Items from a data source
......

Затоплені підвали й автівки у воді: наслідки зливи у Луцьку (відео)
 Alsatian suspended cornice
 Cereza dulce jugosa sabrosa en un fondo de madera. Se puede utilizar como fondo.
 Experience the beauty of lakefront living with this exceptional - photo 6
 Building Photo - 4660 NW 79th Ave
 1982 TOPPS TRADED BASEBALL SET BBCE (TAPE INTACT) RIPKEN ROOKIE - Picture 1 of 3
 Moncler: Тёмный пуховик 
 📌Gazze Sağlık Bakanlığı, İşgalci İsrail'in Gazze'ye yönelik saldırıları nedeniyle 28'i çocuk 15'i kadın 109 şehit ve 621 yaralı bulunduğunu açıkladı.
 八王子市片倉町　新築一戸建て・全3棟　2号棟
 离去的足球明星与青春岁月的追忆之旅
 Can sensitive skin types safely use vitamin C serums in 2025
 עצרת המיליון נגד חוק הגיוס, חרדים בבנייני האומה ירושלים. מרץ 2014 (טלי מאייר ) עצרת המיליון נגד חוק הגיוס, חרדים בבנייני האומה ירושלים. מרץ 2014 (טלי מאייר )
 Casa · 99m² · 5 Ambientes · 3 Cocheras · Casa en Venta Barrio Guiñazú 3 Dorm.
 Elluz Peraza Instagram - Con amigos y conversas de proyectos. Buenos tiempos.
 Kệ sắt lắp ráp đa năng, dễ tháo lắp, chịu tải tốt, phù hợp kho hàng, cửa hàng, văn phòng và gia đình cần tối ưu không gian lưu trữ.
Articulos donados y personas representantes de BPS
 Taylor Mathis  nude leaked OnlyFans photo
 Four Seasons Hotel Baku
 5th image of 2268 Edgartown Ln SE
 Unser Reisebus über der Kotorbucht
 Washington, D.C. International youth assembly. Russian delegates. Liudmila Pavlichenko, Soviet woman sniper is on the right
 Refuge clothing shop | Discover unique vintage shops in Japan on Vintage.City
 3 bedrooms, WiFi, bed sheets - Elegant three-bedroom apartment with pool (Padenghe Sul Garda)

......

## Aim of the task
What is needed is an exact retyping of every line from the one containing "Articulos donados y" through the final line of the entries, and only those lines.

## Expected answer
Articulos donados y personas representantes de BPS
 Taylor Mathis  nude leaked OnlyFans photo
 Four Seasons Hotel Baku
 5th image of 2268 Edgartown Ln SE
 Unser Reisebus über der Kotorbucht
 Washington, D.C. International youth assembly. Russian delegates. Liudmila Pavlichenko, Soviet woman sniper is on the right
 Refuge clothing shop | Discover unique vintage shops in Japan on Vintage.City
 3 bedrooms, WiFi, bed sheets - Elegant three-bedroom apartment with pool (Padenghe Sul Garda)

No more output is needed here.